*Material to process:*
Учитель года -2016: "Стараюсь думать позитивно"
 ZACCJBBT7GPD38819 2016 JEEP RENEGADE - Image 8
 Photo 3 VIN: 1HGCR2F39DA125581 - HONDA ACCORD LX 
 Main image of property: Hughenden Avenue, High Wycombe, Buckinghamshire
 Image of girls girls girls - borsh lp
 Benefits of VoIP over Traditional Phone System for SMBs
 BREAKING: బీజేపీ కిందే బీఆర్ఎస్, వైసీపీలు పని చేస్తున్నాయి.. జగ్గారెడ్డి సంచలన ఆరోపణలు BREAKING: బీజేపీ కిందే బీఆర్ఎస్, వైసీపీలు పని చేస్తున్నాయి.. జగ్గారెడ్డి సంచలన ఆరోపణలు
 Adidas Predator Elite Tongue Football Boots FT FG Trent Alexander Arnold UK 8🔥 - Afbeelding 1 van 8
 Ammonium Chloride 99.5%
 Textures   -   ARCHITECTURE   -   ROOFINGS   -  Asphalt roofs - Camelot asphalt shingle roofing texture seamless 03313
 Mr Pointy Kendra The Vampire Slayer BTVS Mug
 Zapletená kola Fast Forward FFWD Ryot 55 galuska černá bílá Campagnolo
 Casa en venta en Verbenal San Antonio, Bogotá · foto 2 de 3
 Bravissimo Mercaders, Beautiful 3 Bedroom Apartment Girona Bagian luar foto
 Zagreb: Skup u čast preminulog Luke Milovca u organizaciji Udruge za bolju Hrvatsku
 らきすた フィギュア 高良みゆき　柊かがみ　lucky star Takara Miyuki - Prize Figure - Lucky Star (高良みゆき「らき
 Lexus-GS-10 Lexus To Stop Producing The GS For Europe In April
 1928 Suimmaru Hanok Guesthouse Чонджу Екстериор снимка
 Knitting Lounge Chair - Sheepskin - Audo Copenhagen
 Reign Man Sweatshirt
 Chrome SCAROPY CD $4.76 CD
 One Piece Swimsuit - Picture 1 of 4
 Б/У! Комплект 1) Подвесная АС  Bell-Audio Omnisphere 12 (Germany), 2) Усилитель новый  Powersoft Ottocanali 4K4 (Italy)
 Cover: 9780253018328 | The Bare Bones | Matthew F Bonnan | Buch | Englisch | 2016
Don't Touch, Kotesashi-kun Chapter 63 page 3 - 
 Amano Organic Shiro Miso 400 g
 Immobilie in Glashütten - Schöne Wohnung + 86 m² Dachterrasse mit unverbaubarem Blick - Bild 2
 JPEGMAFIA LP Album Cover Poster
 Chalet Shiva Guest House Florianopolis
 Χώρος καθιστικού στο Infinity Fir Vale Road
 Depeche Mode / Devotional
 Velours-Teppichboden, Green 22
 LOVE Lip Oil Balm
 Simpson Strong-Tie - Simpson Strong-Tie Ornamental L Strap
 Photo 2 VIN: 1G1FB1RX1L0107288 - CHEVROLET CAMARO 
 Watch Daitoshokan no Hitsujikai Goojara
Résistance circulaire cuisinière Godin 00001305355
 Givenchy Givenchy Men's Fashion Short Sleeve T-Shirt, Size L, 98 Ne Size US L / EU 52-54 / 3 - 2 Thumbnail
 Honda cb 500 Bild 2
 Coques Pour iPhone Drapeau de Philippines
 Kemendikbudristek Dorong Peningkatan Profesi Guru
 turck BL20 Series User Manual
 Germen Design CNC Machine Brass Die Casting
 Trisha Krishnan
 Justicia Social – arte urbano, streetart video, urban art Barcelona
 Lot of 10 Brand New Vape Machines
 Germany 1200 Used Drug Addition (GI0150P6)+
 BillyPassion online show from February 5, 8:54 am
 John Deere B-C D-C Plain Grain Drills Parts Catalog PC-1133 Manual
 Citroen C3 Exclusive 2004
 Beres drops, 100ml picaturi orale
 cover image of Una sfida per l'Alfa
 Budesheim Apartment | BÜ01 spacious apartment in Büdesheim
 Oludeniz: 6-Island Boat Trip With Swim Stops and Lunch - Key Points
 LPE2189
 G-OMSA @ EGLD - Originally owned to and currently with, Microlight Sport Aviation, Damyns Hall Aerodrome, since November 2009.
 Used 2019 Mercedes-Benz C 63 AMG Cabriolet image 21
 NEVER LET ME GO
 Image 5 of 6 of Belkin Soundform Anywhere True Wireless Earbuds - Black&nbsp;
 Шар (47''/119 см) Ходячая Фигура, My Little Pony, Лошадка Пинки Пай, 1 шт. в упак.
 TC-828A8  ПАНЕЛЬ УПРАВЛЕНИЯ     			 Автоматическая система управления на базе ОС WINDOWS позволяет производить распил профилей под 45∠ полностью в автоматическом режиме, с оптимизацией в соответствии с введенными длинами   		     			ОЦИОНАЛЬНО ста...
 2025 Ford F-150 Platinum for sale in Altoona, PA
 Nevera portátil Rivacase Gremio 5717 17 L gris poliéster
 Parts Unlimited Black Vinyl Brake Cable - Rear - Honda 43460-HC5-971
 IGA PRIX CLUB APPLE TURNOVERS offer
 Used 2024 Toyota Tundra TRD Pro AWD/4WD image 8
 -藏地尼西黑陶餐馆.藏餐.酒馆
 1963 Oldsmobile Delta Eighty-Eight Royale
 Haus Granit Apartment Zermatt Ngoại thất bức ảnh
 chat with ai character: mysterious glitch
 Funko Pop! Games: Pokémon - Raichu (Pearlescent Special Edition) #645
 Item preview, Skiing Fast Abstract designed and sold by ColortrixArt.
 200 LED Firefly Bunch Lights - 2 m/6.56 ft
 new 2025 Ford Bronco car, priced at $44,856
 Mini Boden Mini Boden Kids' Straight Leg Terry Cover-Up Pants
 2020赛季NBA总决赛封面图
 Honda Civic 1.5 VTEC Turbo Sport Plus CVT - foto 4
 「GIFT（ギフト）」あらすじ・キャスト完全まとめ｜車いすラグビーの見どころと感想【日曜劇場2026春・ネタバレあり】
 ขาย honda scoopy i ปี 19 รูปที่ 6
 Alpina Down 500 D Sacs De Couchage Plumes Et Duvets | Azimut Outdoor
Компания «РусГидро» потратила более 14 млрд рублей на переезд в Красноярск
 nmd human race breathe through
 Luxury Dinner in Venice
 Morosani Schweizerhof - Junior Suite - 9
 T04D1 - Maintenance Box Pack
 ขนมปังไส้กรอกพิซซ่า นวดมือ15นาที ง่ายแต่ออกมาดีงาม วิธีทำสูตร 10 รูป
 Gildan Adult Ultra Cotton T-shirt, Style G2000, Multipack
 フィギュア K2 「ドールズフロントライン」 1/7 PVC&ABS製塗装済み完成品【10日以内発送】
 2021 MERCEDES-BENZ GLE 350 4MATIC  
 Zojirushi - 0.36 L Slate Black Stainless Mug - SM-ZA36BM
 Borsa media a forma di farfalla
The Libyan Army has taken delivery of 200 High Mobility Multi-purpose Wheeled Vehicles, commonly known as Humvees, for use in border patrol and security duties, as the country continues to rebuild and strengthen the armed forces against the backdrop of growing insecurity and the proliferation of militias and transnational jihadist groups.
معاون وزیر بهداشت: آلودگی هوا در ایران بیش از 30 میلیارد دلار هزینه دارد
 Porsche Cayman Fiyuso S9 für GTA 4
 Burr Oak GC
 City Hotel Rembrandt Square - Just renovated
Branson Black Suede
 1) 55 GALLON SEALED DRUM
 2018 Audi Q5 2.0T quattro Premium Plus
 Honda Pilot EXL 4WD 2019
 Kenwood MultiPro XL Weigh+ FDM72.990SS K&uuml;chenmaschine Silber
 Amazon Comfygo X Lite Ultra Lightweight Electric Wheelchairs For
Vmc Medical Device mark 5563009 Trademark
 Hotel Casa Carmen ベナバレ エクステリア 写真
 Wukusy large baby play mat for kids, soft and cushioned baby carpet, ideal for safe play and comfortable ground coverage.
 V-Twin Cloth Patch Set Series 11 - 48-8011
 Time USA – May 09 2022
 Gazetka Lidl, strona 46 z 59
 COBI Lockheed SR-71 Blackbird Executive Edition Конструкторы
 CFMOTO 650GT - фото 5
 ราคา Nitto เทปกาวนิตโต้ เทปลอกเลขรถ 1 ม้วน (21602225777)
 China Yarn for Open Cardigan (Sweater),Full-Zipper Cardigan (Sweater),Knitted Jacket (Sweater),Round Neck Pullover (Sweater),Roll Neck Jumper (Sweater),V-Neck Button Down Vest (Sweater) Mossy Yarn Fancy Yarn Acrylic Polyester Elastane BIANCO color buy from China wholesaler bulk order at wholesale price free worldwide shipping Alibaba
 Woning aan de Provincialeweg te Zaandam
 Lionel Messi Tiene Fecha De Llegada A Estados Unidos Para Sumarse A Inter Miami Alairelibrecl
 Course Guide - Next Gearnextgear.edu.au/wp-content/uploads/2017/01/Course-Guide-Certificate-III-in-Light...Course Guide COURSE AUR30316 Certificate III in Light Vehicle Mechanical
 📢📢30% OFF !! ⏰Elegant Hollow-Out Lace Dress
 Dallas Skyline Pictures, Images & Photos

*Task description:*
Begin with the top line of the material and go as far as the line with "Benefits of VoIP". Set down those lines exactly, both ends included, and nothing more.

*Written solution:*
Учитель года -2016: "Стараюсь думать позитивно"
 ZACCJBBT7GPD38819 2016 JEEP RENEGADE - Image 8
 Photo 3 VIN: 1HGCR2F39DA125581 - HONDA ACCORD LX 
 Main image of property: Hughenden Avenue, High Wycombe, Buckinghamshire
 Image of girls girls girls - borsh lp
 Benefits of VoIP over Traditional Phone System for SMBs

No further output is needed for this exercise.